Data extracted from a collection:
=======

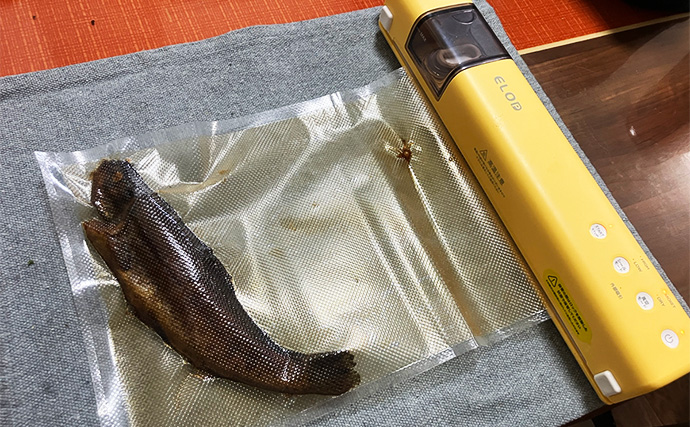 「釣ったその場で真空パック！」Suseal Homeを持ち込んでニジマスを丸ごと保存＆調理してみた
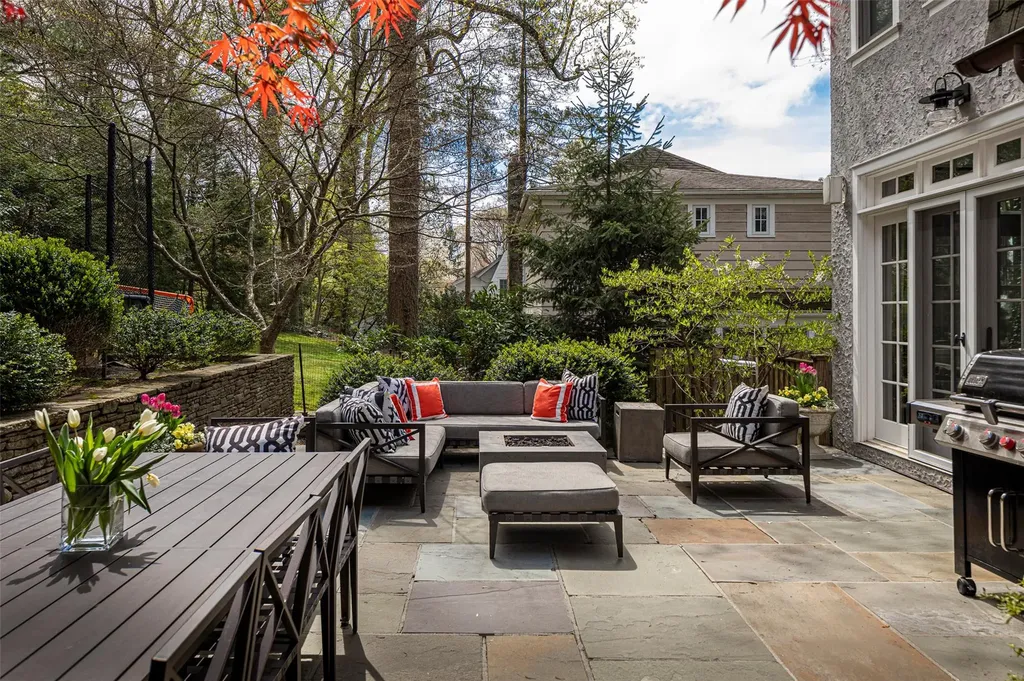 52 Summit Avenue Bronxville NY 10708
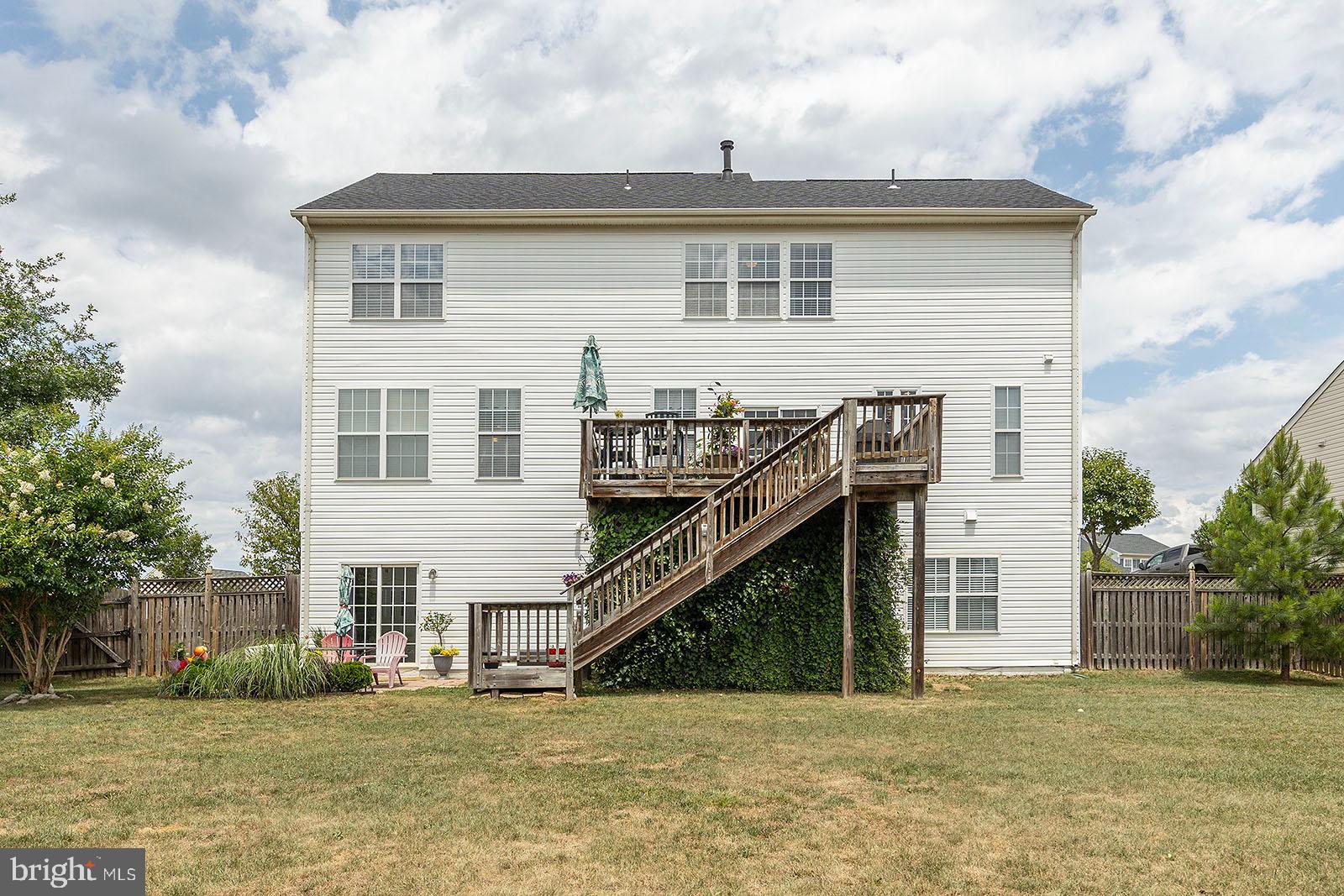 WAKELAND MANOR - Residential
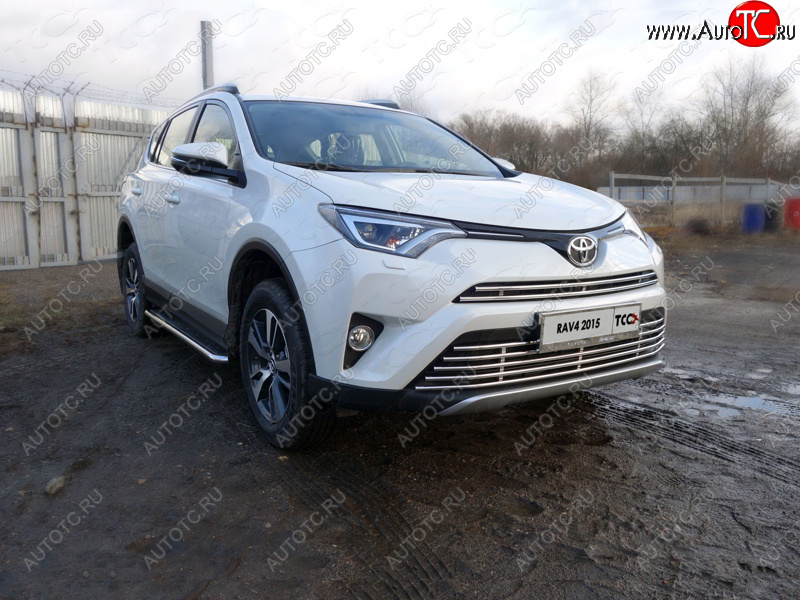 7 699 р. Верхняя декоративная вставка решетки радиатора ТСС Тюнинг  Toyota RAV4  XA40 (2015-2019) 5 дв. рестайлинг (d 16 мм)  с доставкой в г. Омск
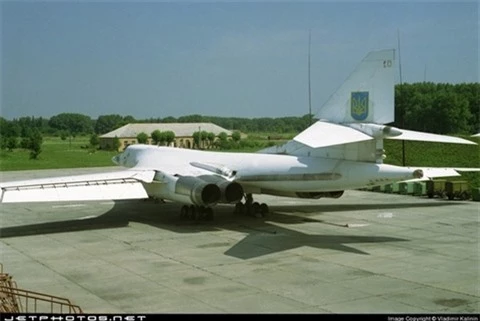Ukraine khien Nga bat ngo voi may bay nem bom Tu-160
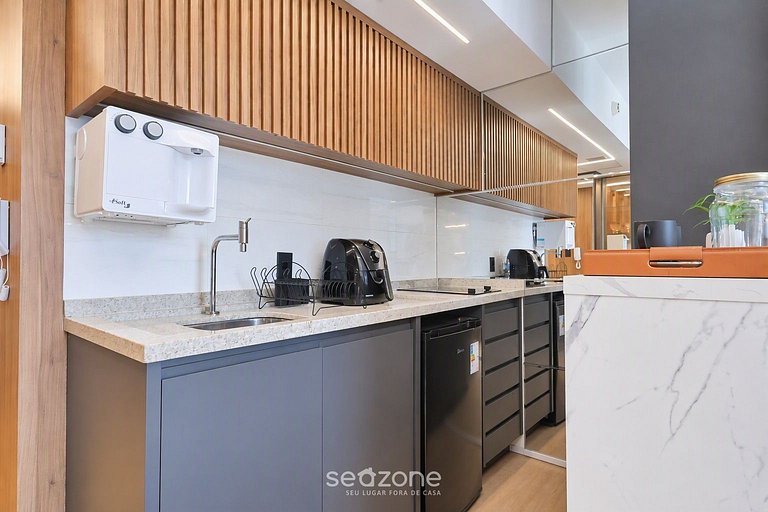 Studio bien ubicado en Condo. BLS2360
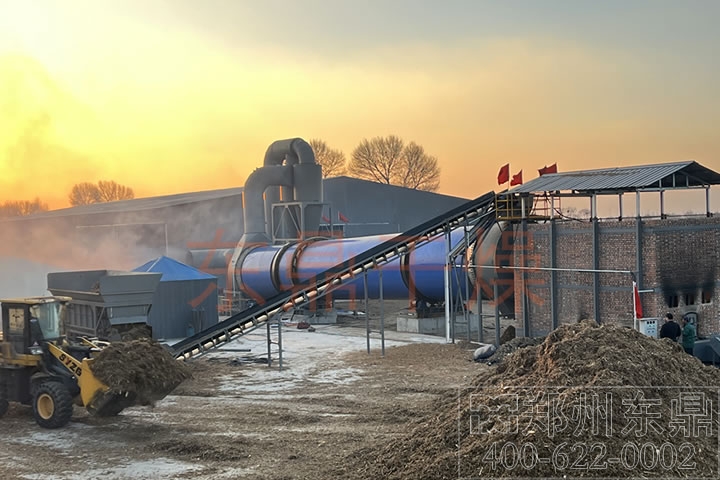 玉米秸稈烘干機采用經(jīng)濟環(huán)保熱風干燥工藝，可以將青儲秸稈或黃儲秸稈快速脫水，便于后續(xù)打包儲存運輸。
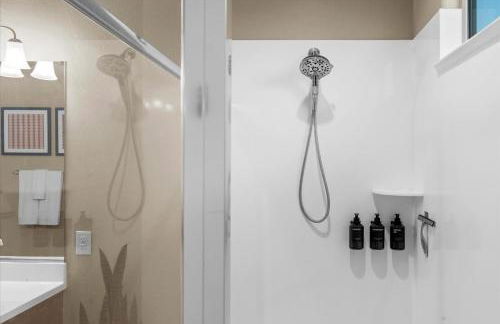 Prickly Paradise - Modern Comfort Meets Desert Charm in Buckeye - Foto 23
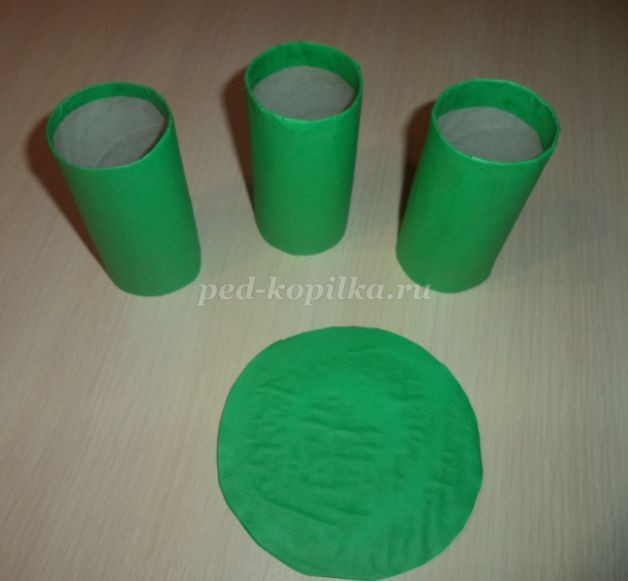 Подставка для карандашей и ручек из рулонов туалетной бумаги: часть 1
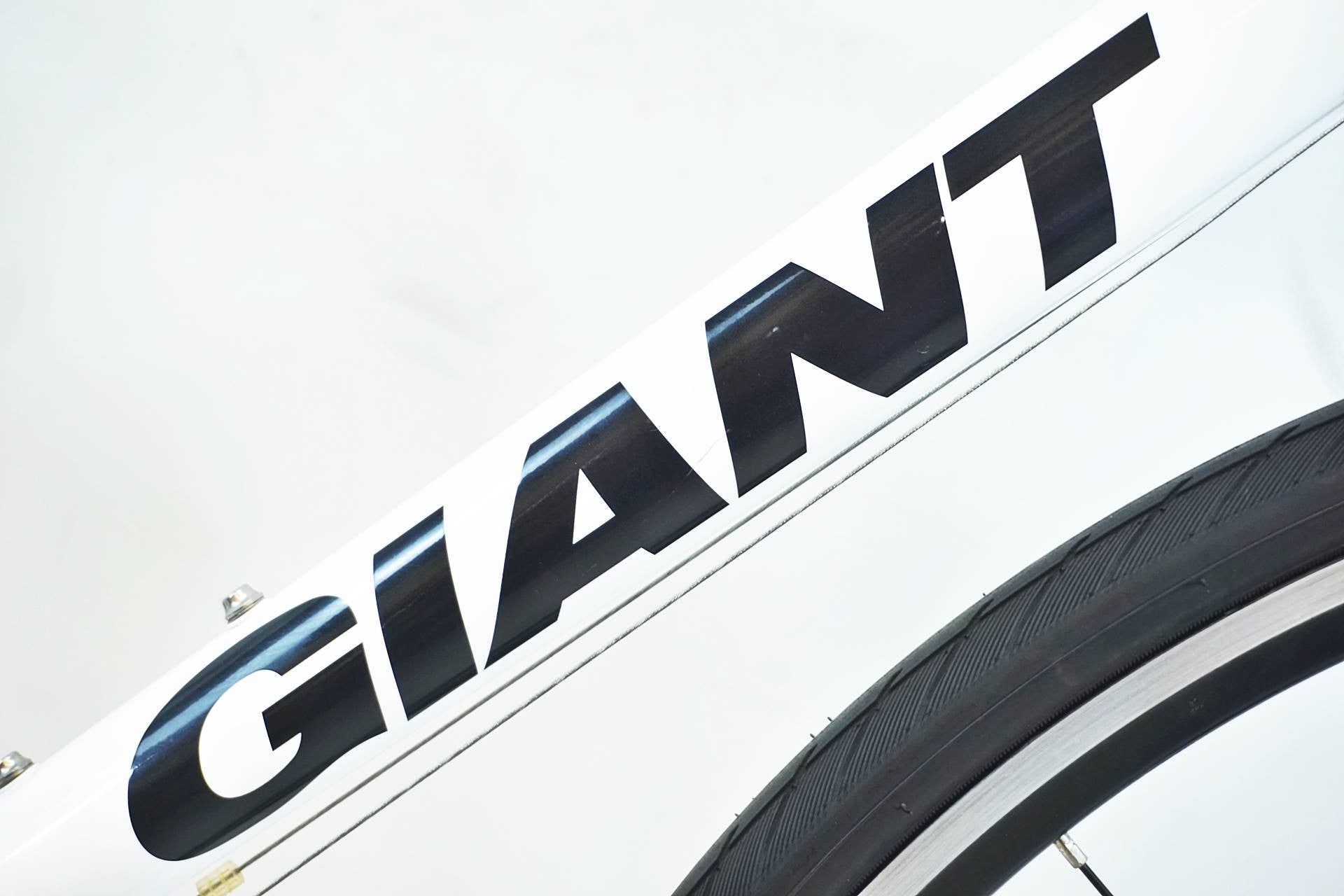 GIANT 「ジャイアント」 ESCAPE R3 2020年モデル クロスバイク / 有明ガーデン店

=======

> _TASK TO COMPLETE_:
Omit every picture, then write out the entries above exactly.

> _ANSWER TO THE EXERCISE_:
 「釣ったその場で真空パック！」Suseal Homeを持ち込んでニジマスを丸ごと保存＆調理してみた
 52 Summit Avenue Bronxville NY 10708
 WAKELAND MANOR - Residential
 7 699 р. Верхняя декоративная вставка решетки радиатора ТСС Тюнинг  Toyota RAV4  XA40 (2015-2019) 5 дв. рестайлинг (d 16 мм)  с доставкой в г. Омск
Ukraine khien Nga bat ngo voi may bay nem bom Tu-160
 Studio bien ubicado en Condo. BLS2360
 玉米秸稈烘干機采用經(jīng)濟環(huán)保熱風干燥工藝，可以將青儲秸稈或黃儲秸稈快速脫水，便于后續(xù)打包儲存運輸。
 Prickly Paradise - Modern Comfort Meets Desert Charm in Buckeye - Foto 23
 Подставка для карандашей и ручек из рулонов туалетной бумаги: часть 1
 GIANT 「ジャイアント」 ESCAPE R3 2020年モデル クロスバイク / 有明ガーデン店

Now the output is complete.